### What to work on:
In the records below, the lines between the one holding "Durable 60Tons BLAZERS" and the one holding "Peacock Stripe 28cm", inclusive, are to be transcribed exactly; no pictures are to be included.

### Data to process:
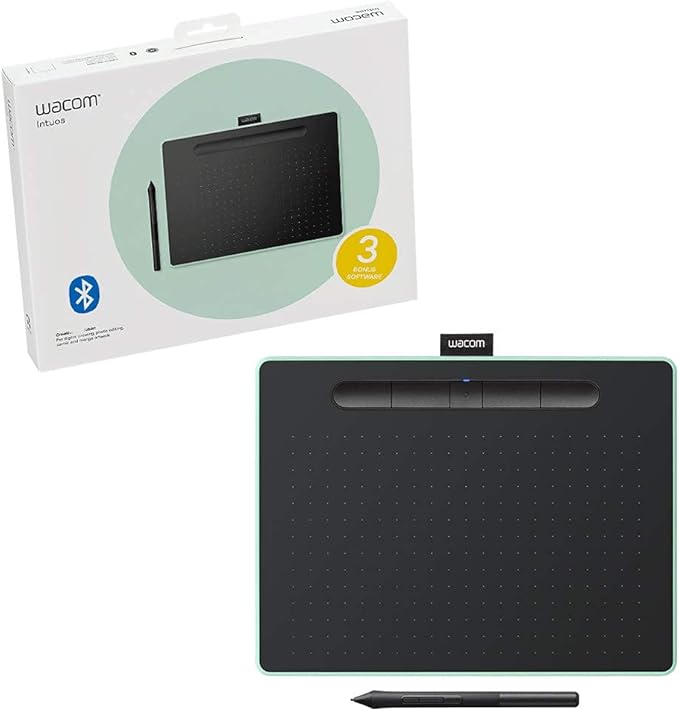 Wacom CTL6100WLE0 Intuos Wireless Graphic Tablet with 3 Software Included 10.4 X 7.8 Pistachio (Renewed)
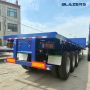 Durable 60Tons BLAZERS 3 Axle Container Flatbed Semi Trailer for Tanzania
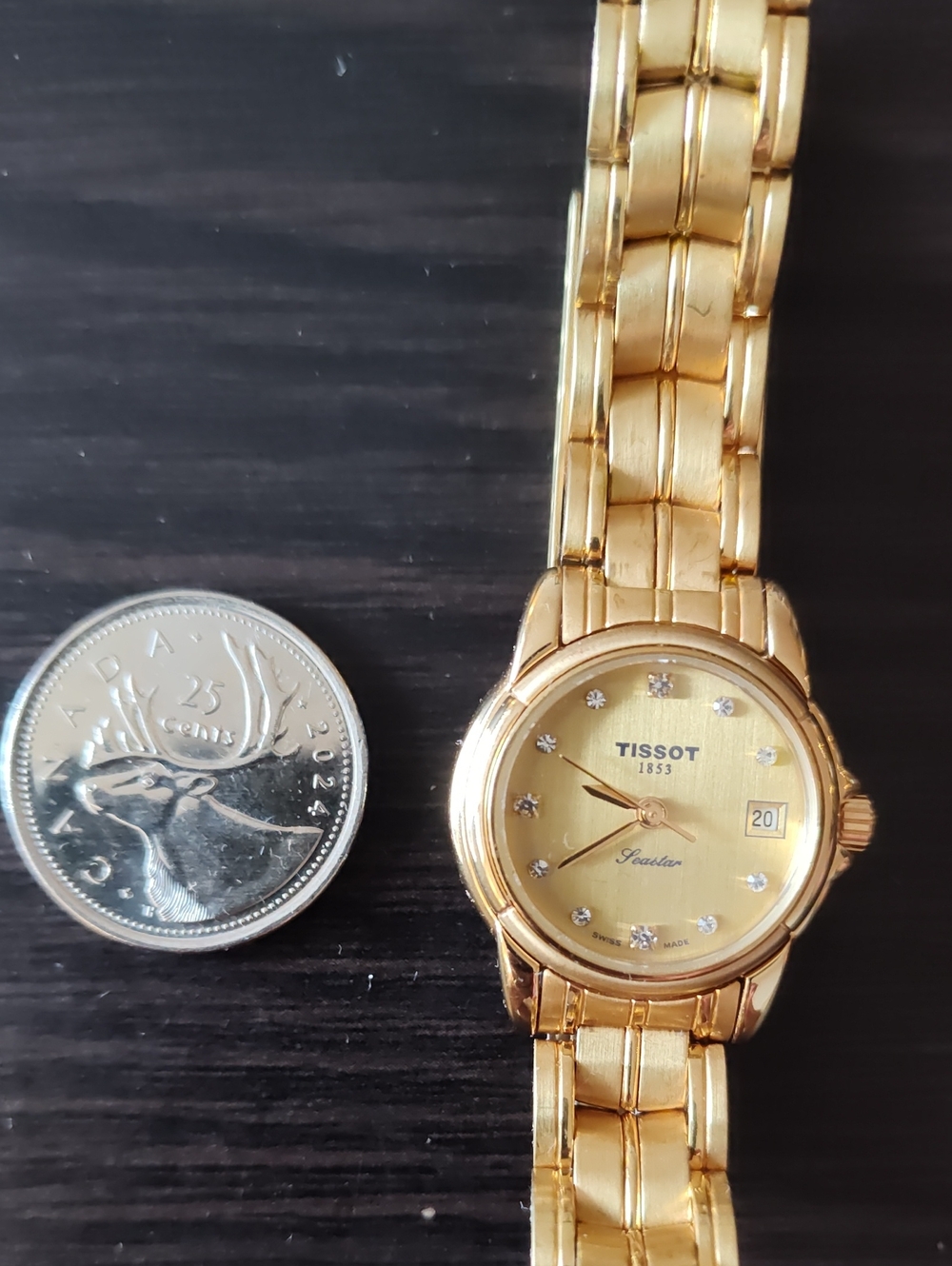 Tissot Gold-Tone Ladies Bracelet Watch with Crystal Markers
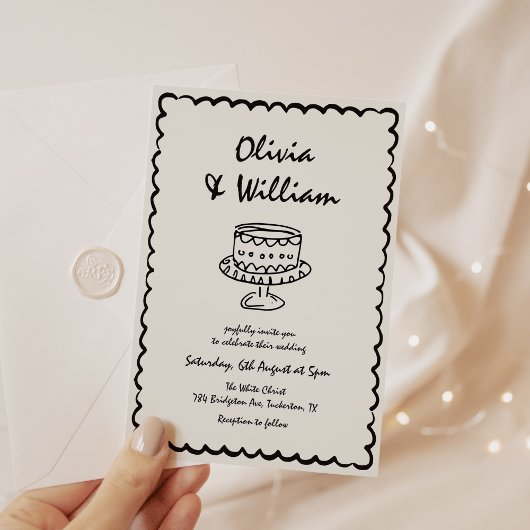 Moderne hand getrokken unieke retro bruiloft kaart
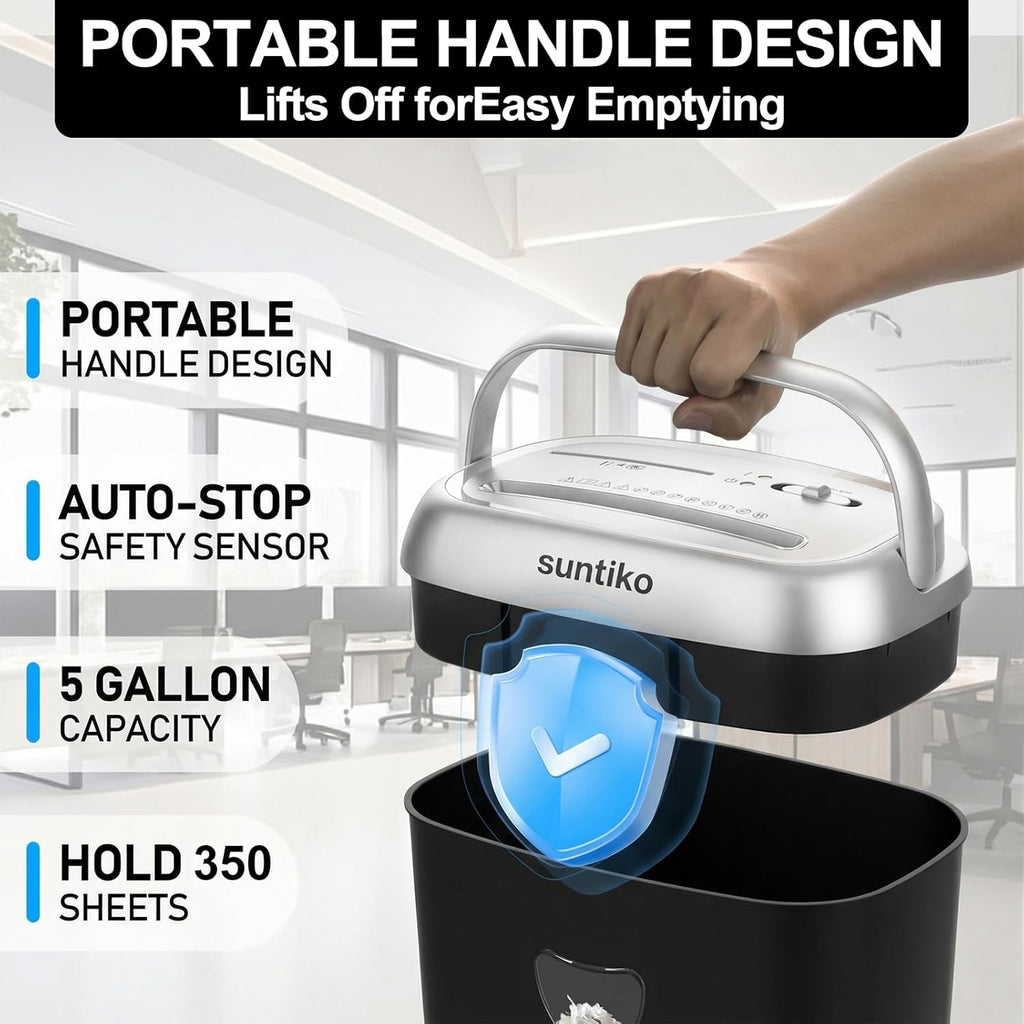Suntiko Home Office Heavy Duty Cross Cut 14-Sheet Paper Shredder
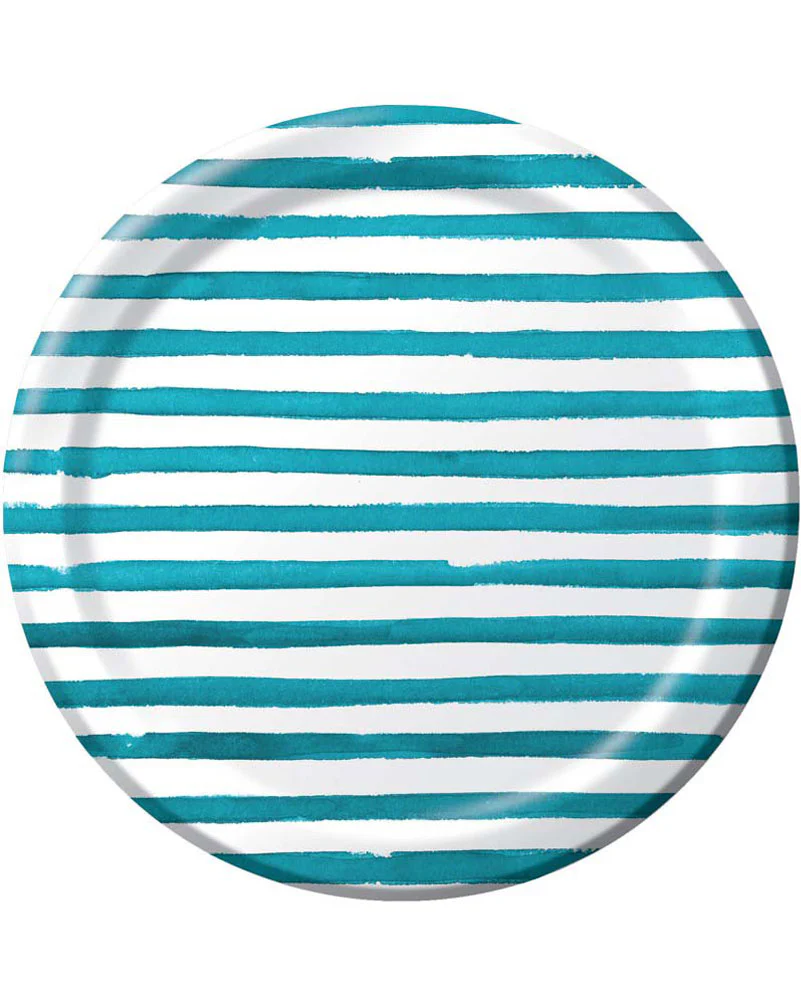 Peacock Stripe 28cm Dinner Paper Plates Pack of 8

---

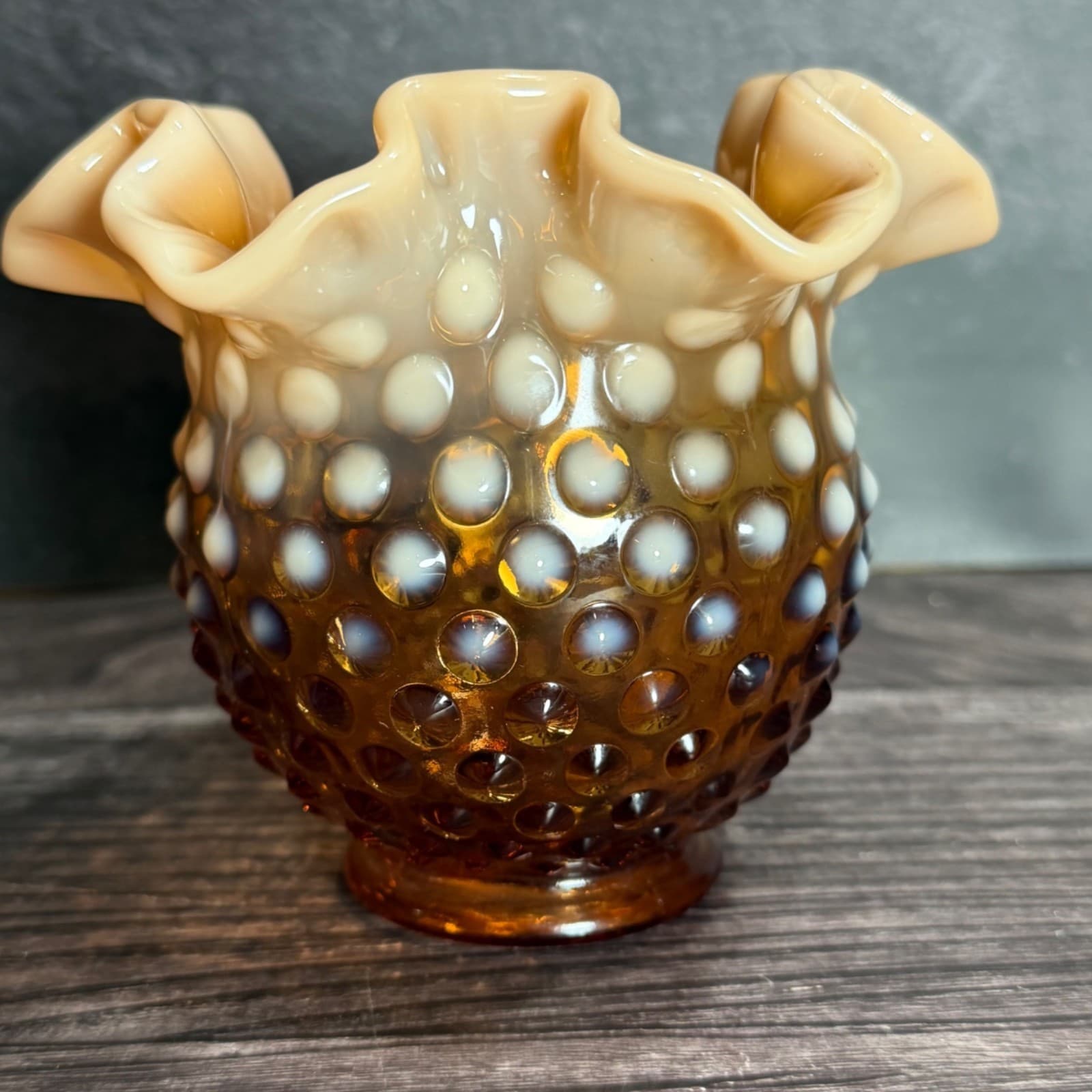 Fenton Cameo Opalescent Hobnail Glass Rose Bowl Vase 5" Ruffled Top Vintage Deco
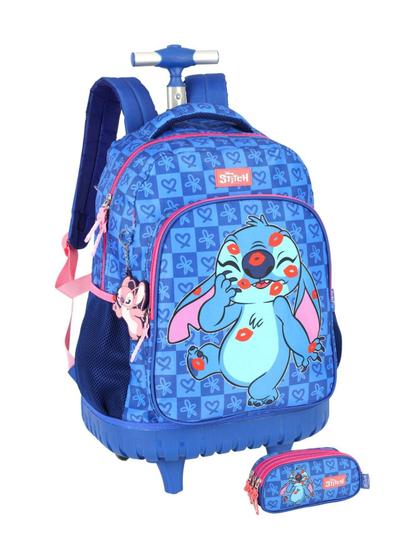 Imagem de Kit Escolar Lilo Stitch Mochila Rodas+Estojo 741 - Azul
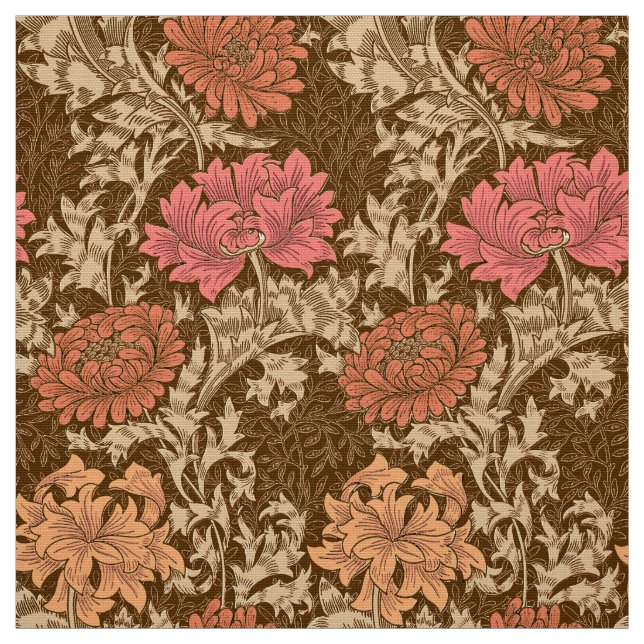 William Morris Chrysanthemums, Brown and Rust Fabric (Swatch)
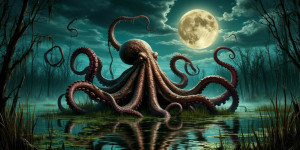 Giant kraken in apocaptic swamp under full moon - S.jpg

### Result of this exercise:
 Durable 60Tons BLAZERS 3 Axle Container Flatbed Semi Trailer for Tanzania
 Tissot Gold-Tone Ladies Bracelet Watch with Crystal Markers
 Moderne hand getrokken unieke retro bruiloft kaart
Suntiko Home Office Heavy Duty Cross Cut 14-Sheet Paper Shredder
 Peacock Stripe 28cm Dinner Paper Plates Pack of 8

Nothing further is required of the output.